Raw data below:
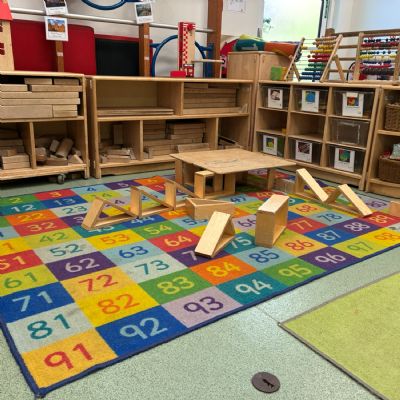 Blocks set out on a rug showing 1 to 100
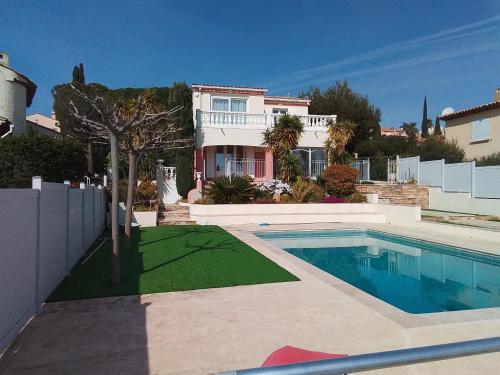 une maison avec une piscine dans une cour dans l'établissement Villa L'Audaline, à Roquebrune-sur Argens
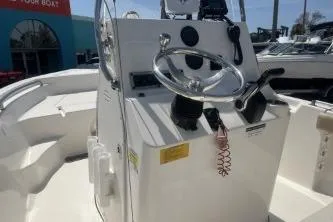 Slide: The Image of 2014 Key West 189 FS boat console with steering wheel and controls. - 9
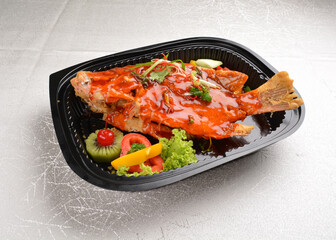 deep fried crispy whole grouper fish seafood with sweet and sour chilli sauce and lychee fruits on top in black bento tray box for asian take away halal menu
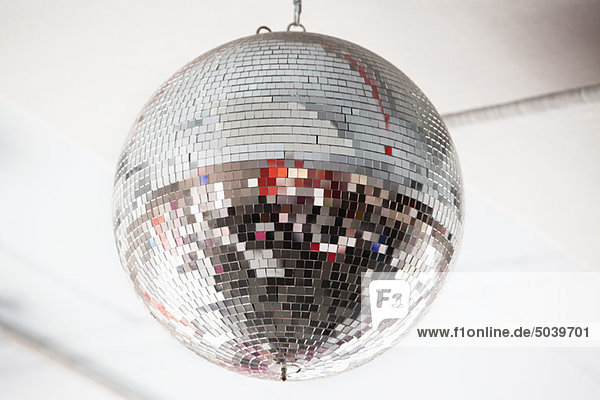 Low angle view of a mirrored disco ball in a nightclub
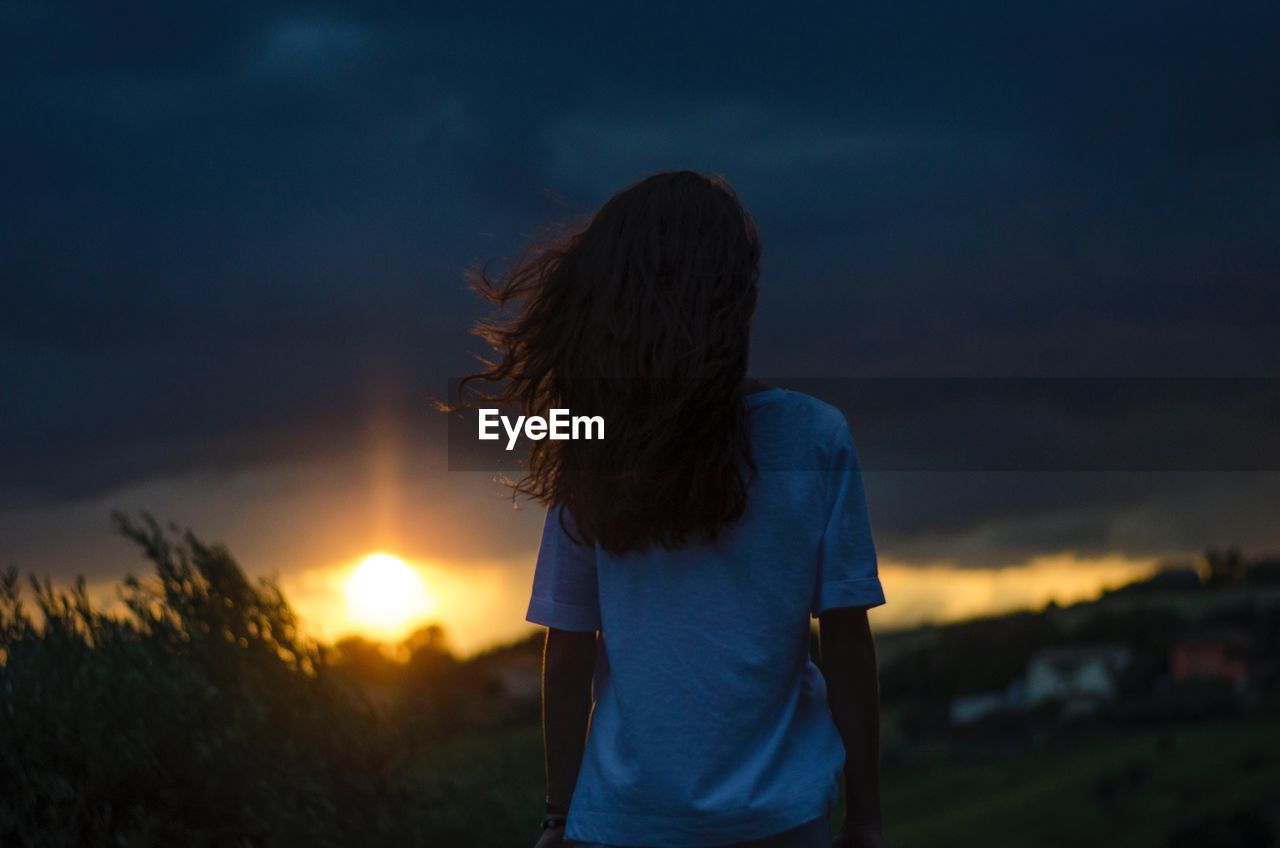 Rear view of woman standing against sky during sunset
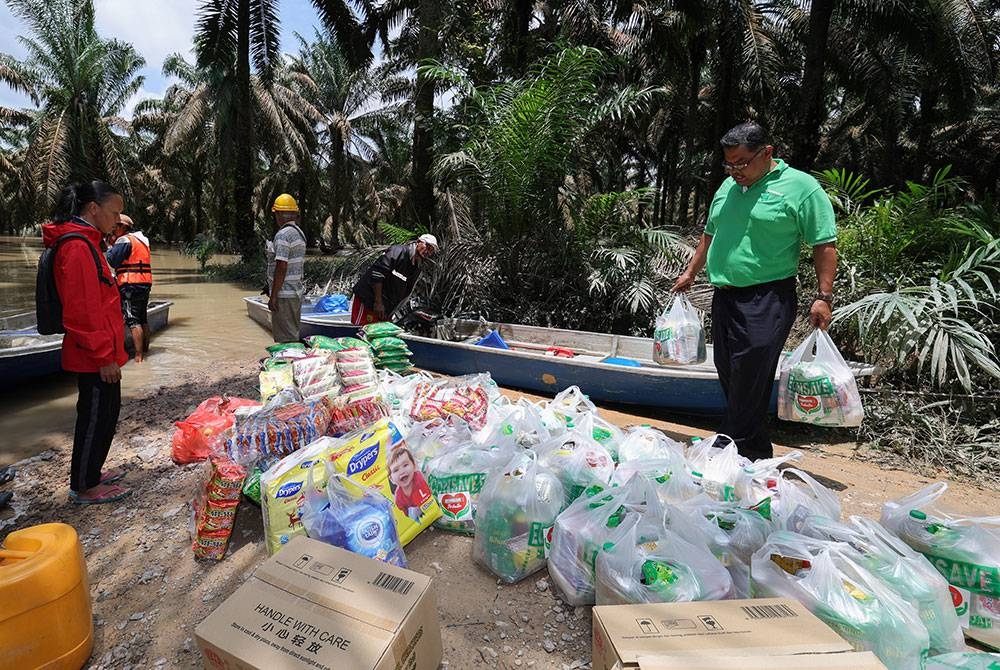 Mas Imran (kanan) memeriksa barang bantuan yang akan diberikan kepada penduduk Kampung Orang Asli Sungai Peroh, Kahang. - Foto Bernama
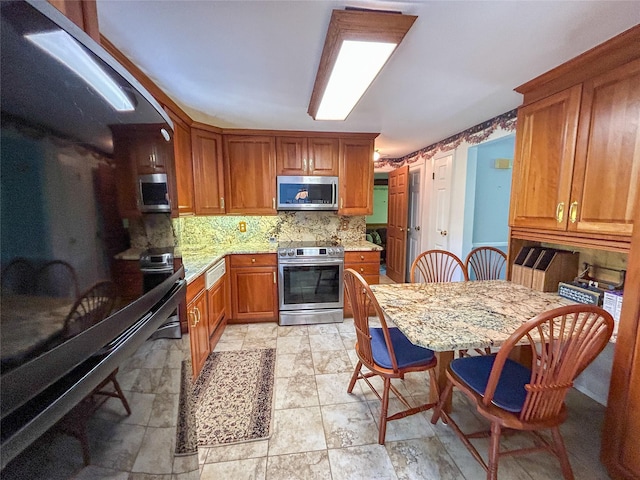 3 Johnston Rd, Livingston Manor, NY 12758 - kitchen featuring stainless steel appliances, backsplash, brown cabinetry, and light stone counters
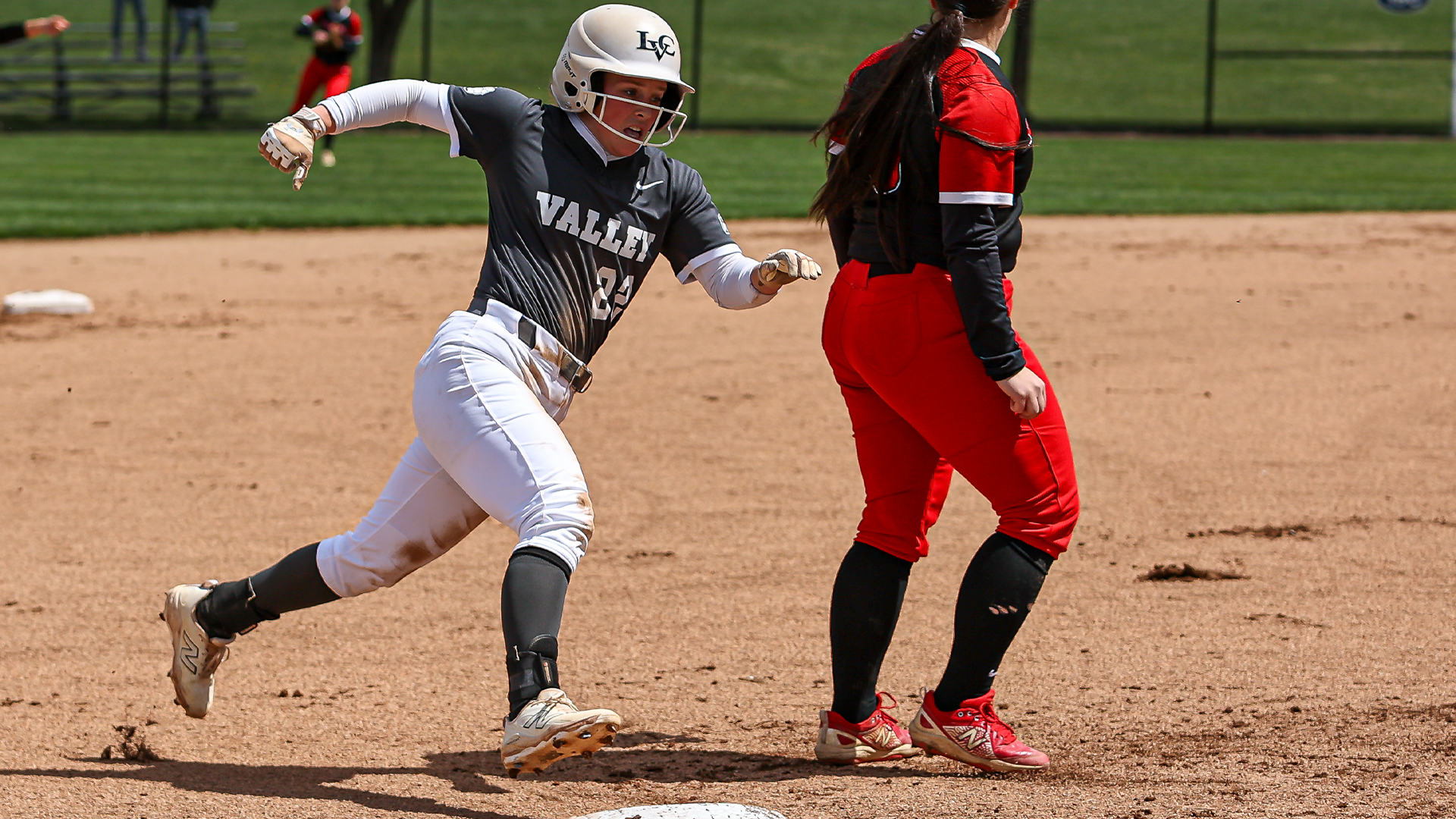 Megan Heard rounding third base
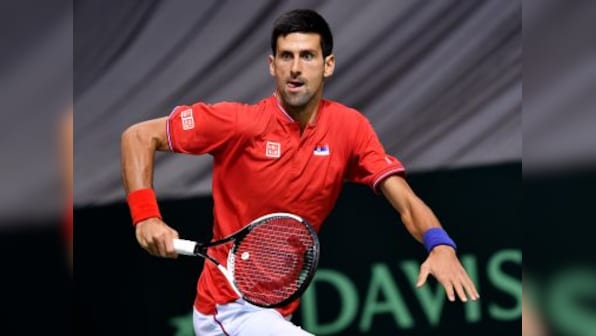 Davis Cup: Novak Djokovic survives scare to help Serbia lead 2-0, champions Argentina slump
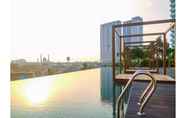 Kolam Renang 3 Comfy Studio Grand Kamala Lagoon Apartment By Travelio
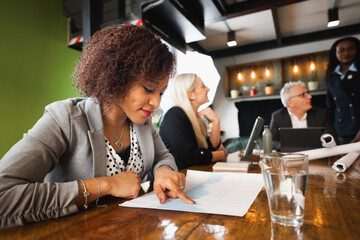 Close-up latin young businesswoman or student sitting at desk analyzing data. Team work at background.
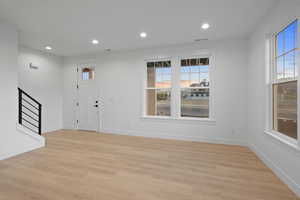 Foyer featuring light wood-style floors and recessed lighting
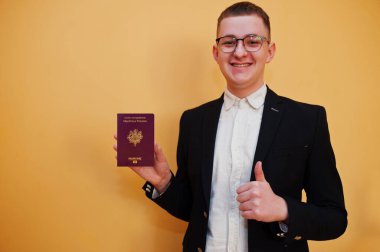 Fransız Cumhuriyeti pasaportunu sarı arka planda tutan yakışıklı genç adam, mutlu ve başparmağını kaldır. Avrupa ülke konseptine seyahat.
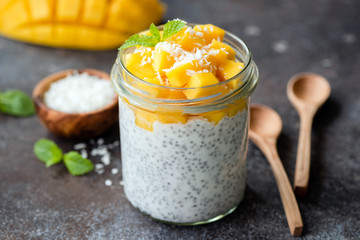 Healthy chia coconut pudding with mango in glass jar and two wooden spoons on dark background. Closeup view - 291368843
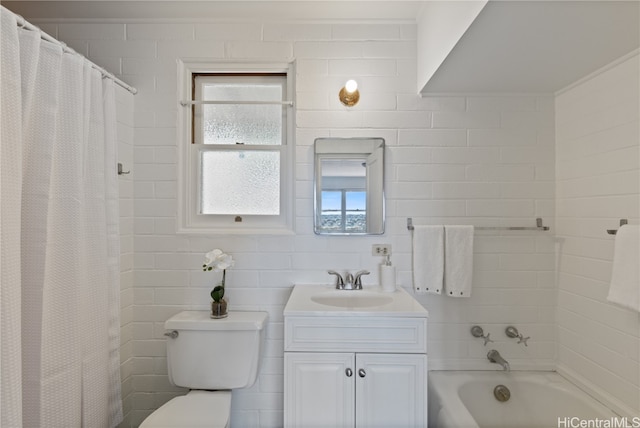 bathroom with walk in shower, vanity, and toilet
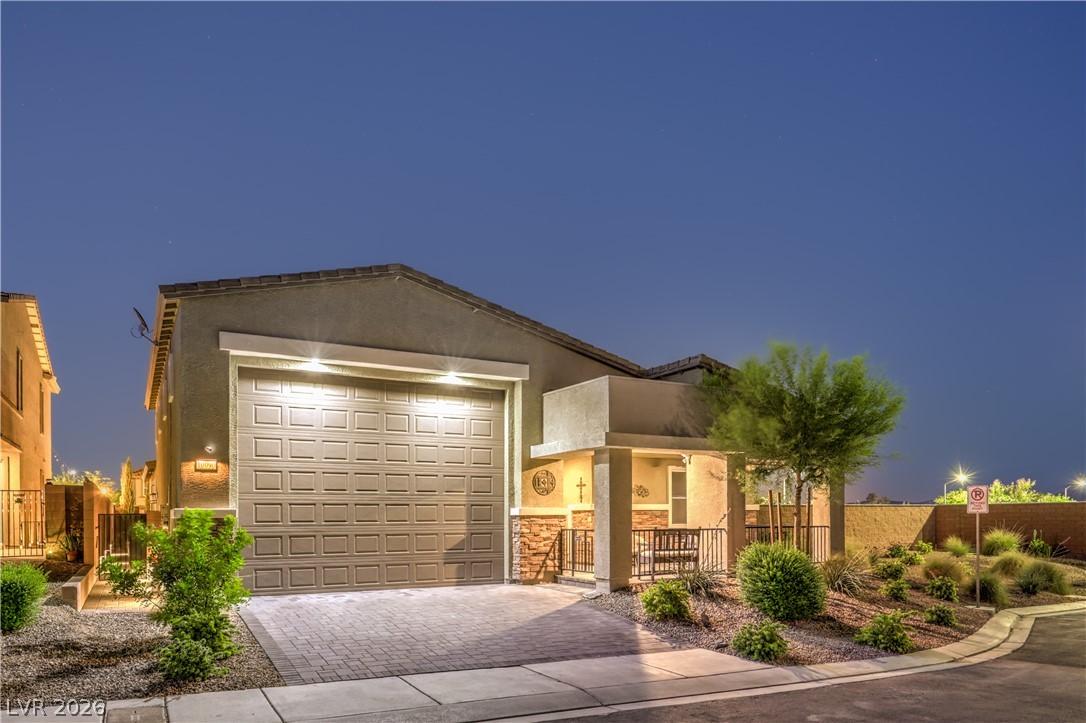 Image 2: Front facade warmly illuminated, features a paver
End of Raw data.
Leave out the pictures, and write out all the remaining data above exactly.

▶ _Task solution_:
 Blocks set out on a rug showing 1 to 100
 une maison avec une piscine dans une cour dans l'établissement Villa L'Audaline, à Roquebrune-sur Argens
 Slide: The Image of 2014 Key West 189 FS boat console with steering wheel and controls. - 9
 deep fried crispy whole grouper fish seafood with sweet and sour chilli sauce and lychee fruits on top in black bento tray box for asian take away halal menu
 Low angle view of a mirrored disco ball in a nightclub
 Rear view of woman standing against sky during sunset
 Mas Imran (kanan) memeriksa barang bantuan yang akan diberikan kepada penduduk Kampung Orang Asli Sungai Peroh, Kahang. - Foto Bernama
 3 Johnston Rd, Livingston Manor, NY 12758 - kitchen featuring stainless steel appliances, backsplash, brown cabinetry, and light stone counters
 Megan Heard rounding third base
 Davis Cup: Novak Djokovic survives scare to help Serbia lead 2-0, champions Argentina slump
 Kolam Renang 3 Comfy Studio Grand Kamala Lagoon Apartment By Travelio
 Close-up latin young businesswoman or student sitting at desk analyzing data. Team work at background.
 Foyer featuring light wood-style floors and recessed lighting
 Fransız Cumhuriyeti pasaportunu sarı arka planda tutan yakışıklı genç adam, mutlu ve başparmağını kaldır. Avrupa ülke konseptine seyahat.
 Healthy chia coconut pudding with mango in glass jar and two wooden spoons on dark background. Closeup view - 291368843
 bathroom with walk in shower, vanity, and toilet
 Image 2: Front facade warmly illuminated, features a paver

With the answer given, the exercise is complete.